Assignment - Please give the lines below again exactly as they stand, from the one that contains "Back exterior view" up to and including the one that contains "Ragged pirate flag", leaving all pictures out.
BEGIN
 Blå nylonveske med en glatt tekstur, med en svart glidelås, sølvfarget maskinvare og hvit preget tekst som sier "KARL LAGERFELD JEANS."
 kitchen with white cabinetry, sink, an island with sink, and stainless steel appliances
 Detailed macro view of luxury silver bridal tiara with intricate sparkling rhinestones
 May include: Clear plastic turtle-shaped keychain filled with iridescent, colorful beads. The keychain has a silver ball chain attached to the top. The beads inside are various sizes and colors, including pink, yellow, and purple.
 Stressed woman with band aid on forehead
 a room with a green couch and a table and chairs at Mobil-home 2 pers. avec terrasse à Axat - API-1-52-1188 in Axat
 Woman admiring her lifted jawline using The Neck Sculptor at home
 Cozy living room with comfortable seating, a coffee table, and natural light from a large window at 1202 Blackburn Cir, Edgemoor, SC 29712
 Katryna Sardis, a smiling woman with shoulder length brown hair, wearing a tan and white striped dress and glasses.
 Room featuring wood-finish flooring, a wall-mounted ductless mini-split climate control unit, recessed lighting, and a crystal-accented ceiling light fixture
END
BEGIN
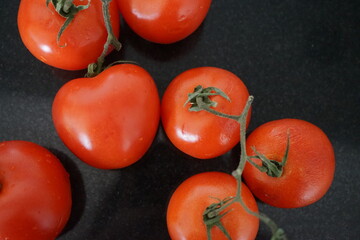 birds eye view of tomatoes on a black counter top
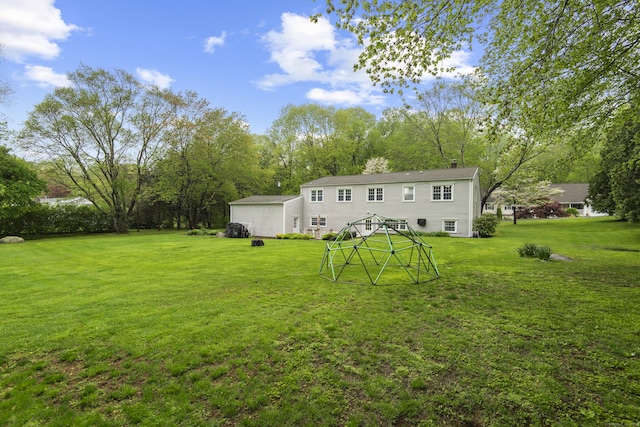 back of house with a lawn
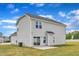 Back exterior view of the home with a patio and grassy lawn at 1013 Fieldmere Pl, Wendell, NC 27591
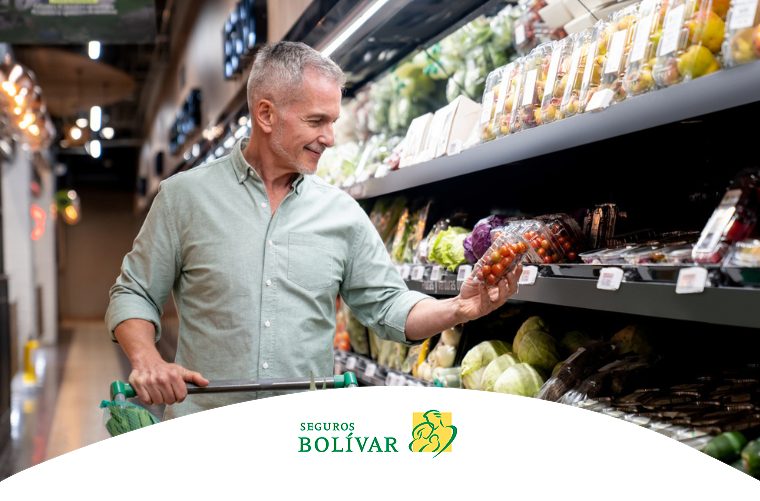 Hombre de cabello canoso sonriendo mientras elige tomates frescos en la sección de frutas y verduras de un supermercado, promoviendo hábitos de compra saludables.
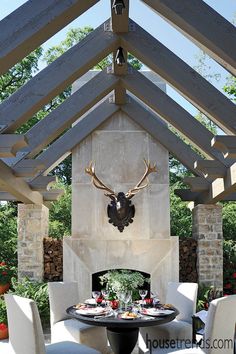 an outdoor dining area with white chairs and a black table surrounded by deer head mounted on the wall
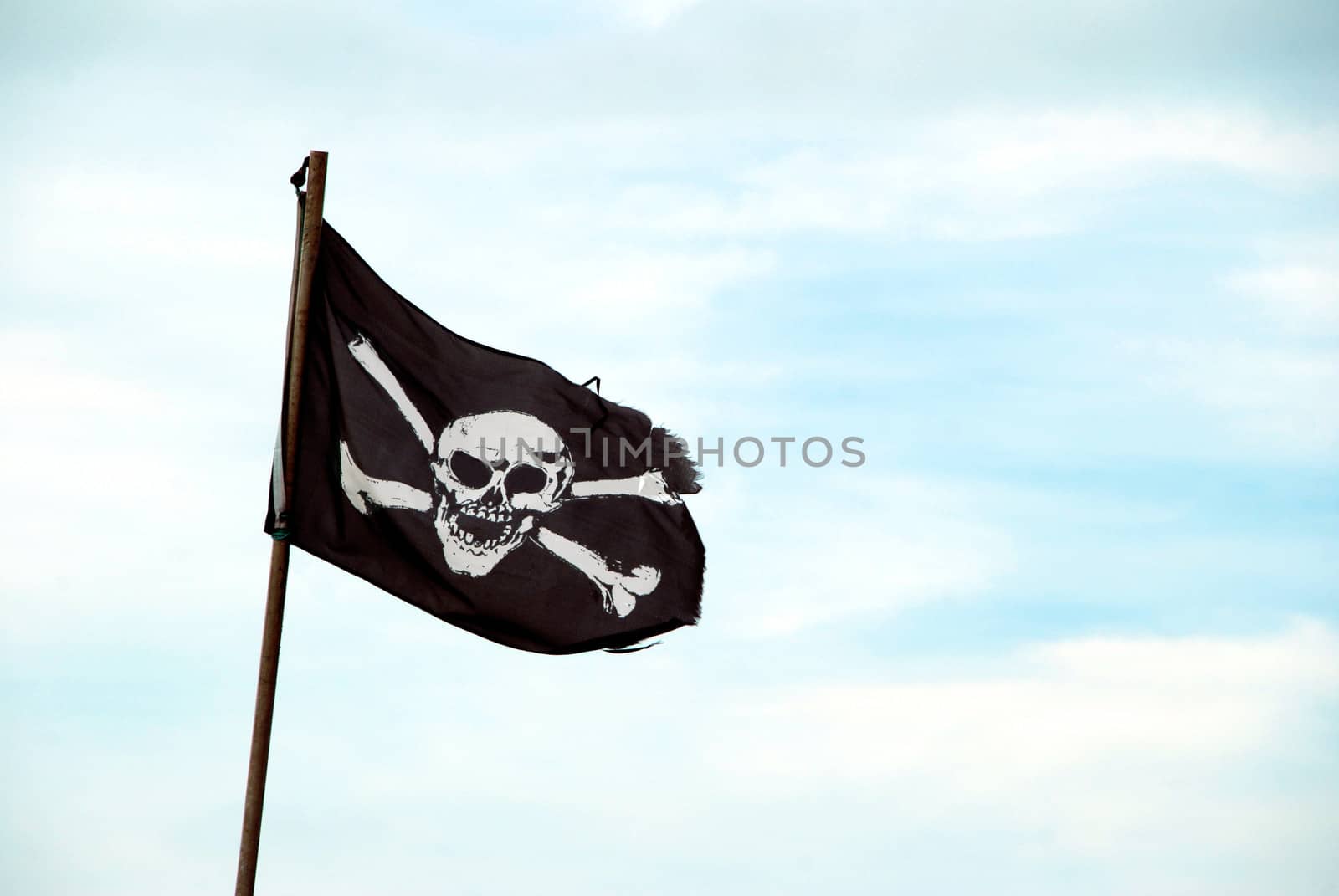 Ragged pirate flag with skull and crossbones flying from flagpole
END
Output for this task -
 Back exterior view of the home with a patio and grassy lawn at 1013 Fieldmere Pl, Wendell, NC 27591
 Hombre de cabello canoso sonriendo mientras elige tomates frescos en la sección de frutas y verduras de un supermercado, promoviendo hábitos de compra saludables.
 an outdoor dining area with white chairs and a black table surrounded by deer head mounted on the wall
 Ragged pirate flag with skull and crossbones flying from flagpole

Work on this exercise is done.